Copy out, exactly, the first line of the entries below and every line after it through the one containing "多彩仙人掌图标商业计划书PPT模板 - 顶尖PPT".

--------

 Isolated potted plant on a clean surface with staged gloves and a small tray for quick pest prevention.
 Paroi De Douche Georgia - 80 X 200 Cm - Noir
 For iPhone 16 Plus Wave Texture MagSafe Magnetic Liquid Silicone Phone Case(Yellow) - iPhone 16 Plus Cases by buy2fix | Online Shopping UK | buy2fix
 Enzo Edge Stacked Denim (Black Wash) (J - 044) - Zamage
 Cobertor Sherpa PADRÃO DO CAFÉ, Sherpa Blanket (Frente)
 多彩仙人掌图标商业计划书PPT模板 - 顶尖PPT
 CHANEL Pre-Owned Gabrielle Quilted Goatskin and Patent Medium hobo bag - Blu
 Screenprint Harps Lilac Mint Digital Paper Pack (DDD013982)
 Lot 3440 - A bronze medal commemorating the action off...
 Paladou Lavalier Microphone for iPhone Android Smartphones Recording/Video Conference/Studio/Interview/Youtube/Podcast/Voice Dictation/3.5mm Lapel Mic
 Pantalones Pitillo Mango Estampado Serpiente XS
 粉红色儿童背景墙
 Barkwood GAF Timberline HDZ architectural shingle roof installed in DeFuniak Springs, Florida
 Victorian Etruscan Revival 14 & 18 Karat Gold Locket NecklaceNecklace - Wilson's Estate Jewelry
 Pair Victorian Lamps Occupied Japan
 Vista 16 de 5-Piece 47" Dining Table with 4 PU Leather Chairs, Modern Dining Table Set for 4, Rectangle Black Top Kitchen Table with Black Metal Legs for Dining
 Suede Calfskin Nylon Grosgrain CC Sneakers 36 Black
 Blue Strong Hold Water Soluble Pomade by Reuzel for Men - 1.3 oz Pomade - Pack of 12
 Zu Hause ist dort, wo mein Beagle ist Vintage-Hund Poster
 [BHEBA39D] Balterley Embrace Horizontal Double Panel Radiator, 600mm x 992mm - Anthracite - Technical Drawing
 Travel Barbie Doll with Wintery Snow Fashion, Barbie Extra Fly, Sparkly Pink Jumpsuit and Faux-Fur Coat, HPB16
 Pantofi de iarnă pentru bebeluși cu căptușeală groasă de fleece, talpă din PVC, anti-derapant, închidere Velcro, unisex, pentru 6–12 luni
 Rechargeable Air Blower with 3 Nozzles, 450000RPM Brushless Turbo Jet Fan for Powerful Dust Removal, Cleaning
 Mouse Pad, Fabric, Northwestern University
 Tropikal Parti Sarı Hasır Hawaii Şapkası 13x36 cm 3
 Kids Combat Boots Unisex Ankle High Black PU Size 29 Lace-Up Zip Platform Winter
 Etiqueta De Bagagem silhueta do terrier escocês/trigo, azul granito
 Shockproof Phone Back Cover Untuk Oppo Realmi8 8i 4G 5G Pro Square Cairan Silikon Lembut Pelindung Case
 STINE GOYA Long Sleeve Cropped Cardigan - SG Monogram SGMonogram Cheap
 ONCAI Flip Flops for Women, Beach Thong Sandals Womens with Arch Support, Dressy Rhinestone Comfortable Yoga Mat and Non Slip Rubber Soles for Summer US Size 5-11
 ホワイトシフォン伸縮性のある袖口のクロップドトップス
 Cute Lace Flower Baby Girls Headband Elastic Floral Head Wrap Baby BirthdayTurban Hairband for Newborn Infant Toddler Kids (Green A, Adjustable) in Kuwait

--------

RESULT
 Isolated potted plant on a clean surface with staged gloves and a small tray for quick pest prevention.
 Paroi De Douche Georgia - 80 X 200 Cm - Noir
 For iPhone 16 Plus Wave Texture MagSafe Magnetic Liquid Silicone Phone Case(Yellow) - iPhone 16 Plus Cases by buy2fix | Online Shopping UK | buy2fix
 Enzo Edge Stacked Denim (Black Wash) (J - 044) - Zamage
 Cobertor Sherpa PADRÃO DO CAFÉ, Sherpa Blanket (Frente)
 多彩仙人掌图标商业计划书PPT模板 - 顶尖PPT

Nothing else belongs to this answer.